You’ll need to get buy-in from your sales managers and train your sales reps to use your new Forecast bucketing process. Getting buy-in is easier than you might expect, especially once folks learn what a third-party solution like QFlow can automate.

By connecting QFlow to Salesforce, you will address some of the more gnarly aspects of in-quarter sales forecasting. This includes:

  • intuitive opportunity roll ups by sales rep, team, and manager, trended over time
  • the ability to track where reps say they’ll land for the quarter, trended over time
  • 👆🏽comparisons of these two numbers trended against quota as the quarter progresses
  • reminders to sales to update SFDC and call their numbers before the weekly sales call starts
  • a structured way for reps to communicate successes and deal-blocking issues to the org
Submit a new sales forecast using Salesforce and QFlow
Salesforce pipeline and real-time opportunity roll up on QFlow

We typically recommend that companies take a cumulative crawl, walk, run approach to adopting a full-fledged forecasting process run by QFlow.ai.

Crawl

  • Your sales team uses Forecast Buckets in Salesforce.com
  • Revenue Operations, CRO, and VP Sales use QFlow.ai to track rep forecasts and opp roll ups

Walk

  • Your sales team uses QFlow.ai to submit timely forecasts, key deal commentary, and deal blockers
  • Warnings and reminders prevent stale forecasts and ensure an accurate forecast at all times.
  • History tracking enables sales managers to coach more effectively

Run

  • Forecasts are supplemented by a machine learning (ML) recipe
  • ML recipe is trained: behavioral, demographics, firmographics, and custom data
  • Predictive opp scores appear in SFDC and inform business forecasts in QFlow.ai

How to get free help with your forecasting process

We don’t do professional services, but we are happy to talk through your growth plans, forecasting process, and any feedback on this post.

Schedule a call with one of us by booking time on our calendar here.



Appendix: communicating new process to sales reps

At ACME Corp, we use an opportunity's Stage to track where a deal is in terms of our sales process.
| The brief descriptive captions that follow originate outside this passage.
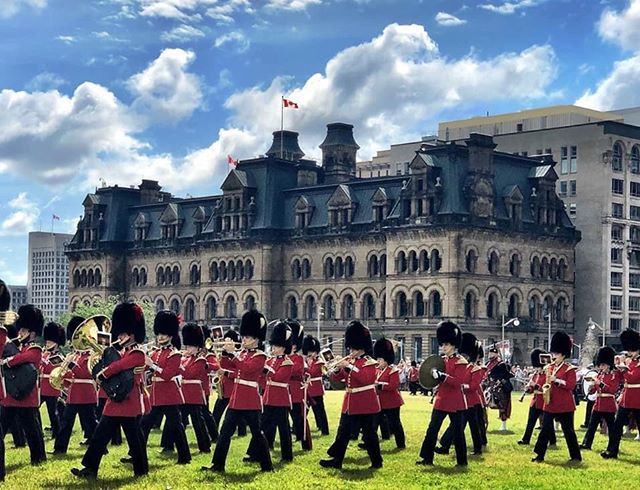 IGersOttawa's tweet photo. Have you seen the Changing of  Guard? It happens daily on Parliament Hill, until late August, starting at 9:50am. The Ceremonial Guard is drawn from two regiments-The Governor General's Foot Gaurds and The Canadian Grenadier Gaurds. It is quite a spectac… https://t.co/r8FAsqStGa https://t.co/PkqqWXS67L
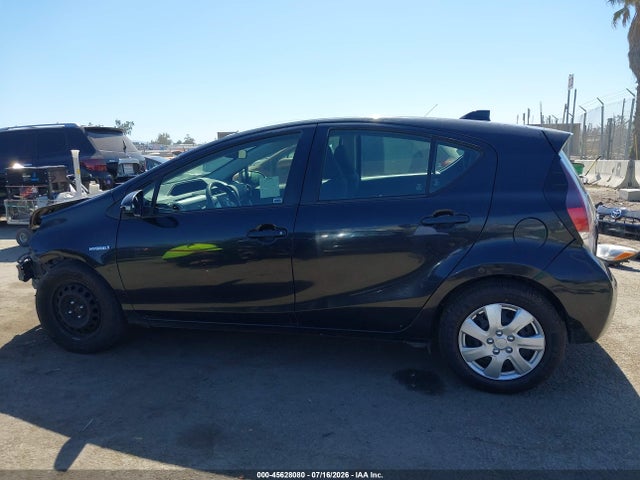 Toyota Prius C Two 2016 JTDKDTB39G1118025 Image 15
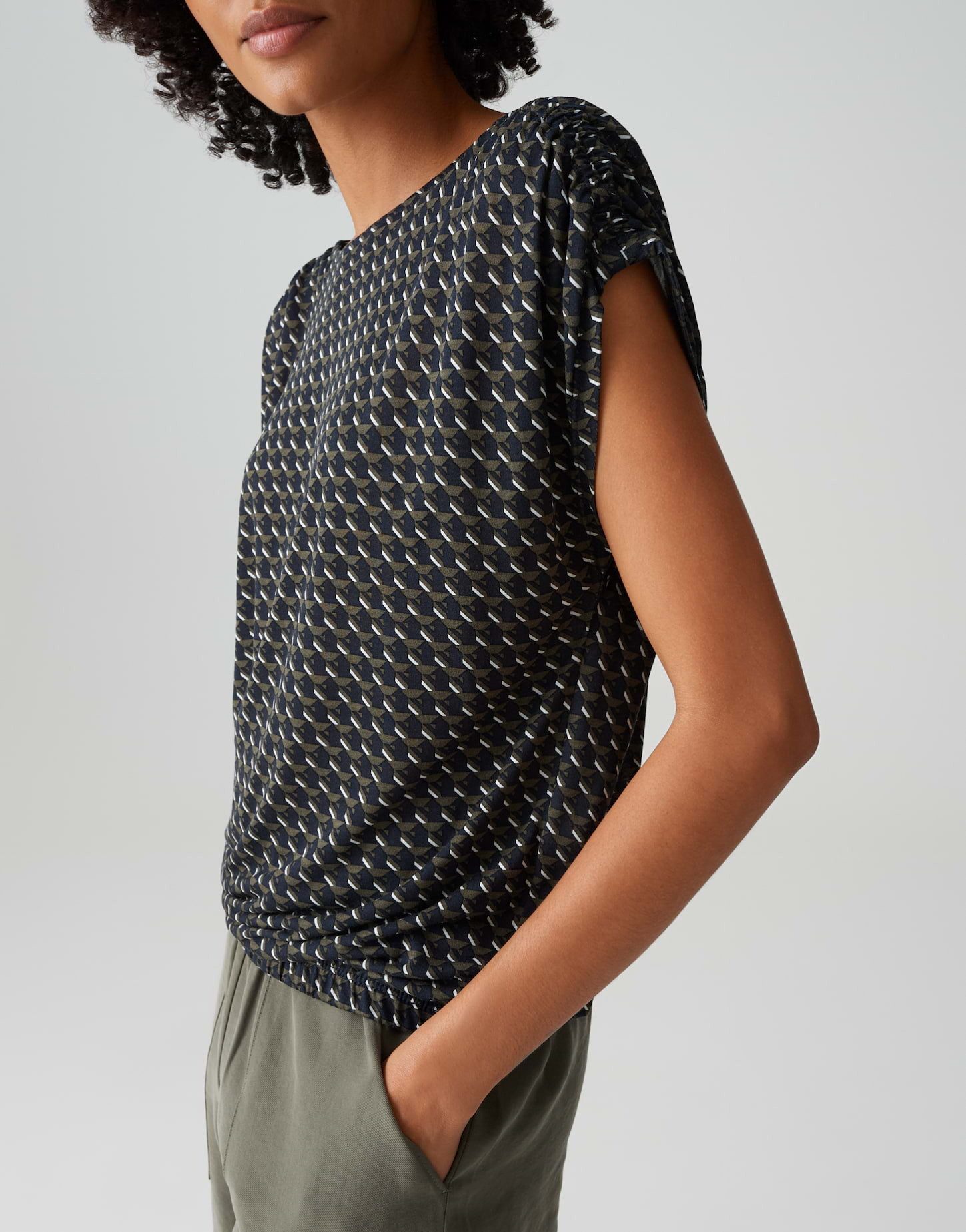 OPUS Print-Shirt SEKADI MINIMAL aus fließender Viskose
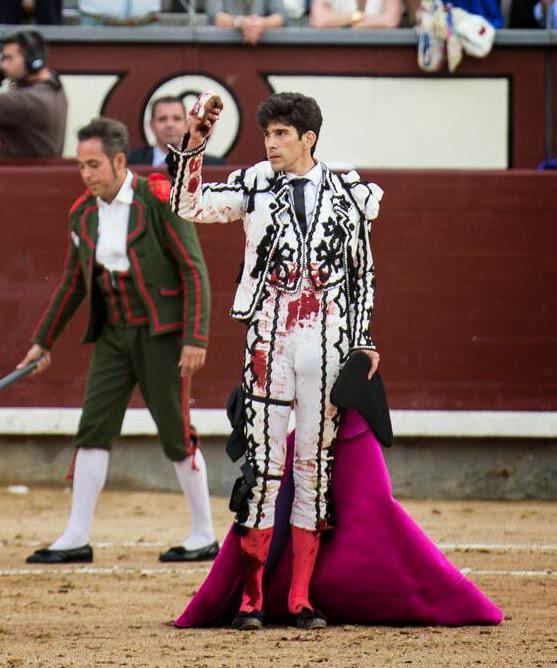 ptlopezsimon's tweet photo. 3 Puertas Grandes 3 en dos plazas de 1a, en algo más de dos meses. #SumaSigueYNoMiraParaAtrás #yosoydelópezsimón http://t.co/6NJUYOOjMg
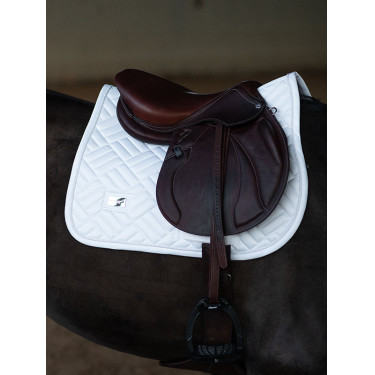 Tapis de selle Equestrian Stockholm jumping Modern Blanc perfection Tapis de selle Equestrian Stockholm jumping Modern Blanc perfection
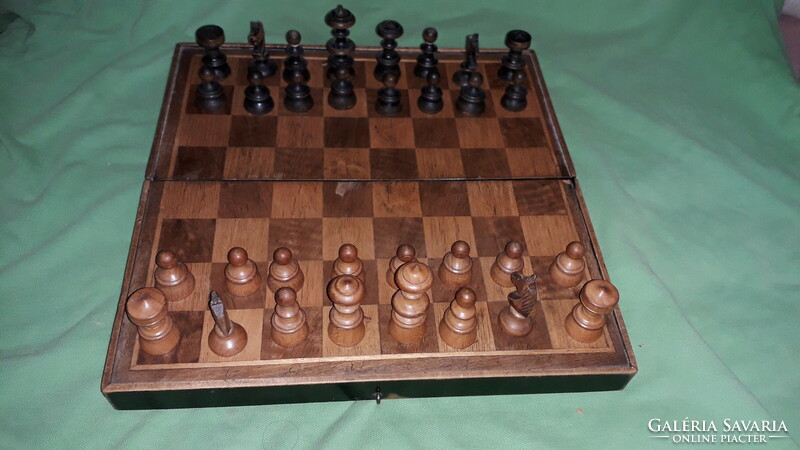 1950.cca antik magyar még a kézzel faragott sakkbábus, SAKK KÉSZLET JÁTÉKTÉR-DOBOZÁVAL  30 X 30 cm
We use the Forecast Bucket field to track your confidence level that an opportunity will close successfully by the close date.

The night prior to each forecast call, your opportunities should be updated and placed into a Forecast Bucket.

Those forecast buckets are:

Forecast Bucket Description
Commit These opportunities are progressing according to plan and our sales process. You are confident that the deal will close by the close date, barring a major unforeseen obstacle.
Expected It is probable that these opportunities will progress enough to close successfully by the close date, though there is work to be done.
Upside These opportunities require quite a bit of work to pull in by the close date, but they are nonetheless qualified and there is a close plan.
Omitted These opportunities have not yet been qualified or have been lost.
Won These opportunities are Closed Won.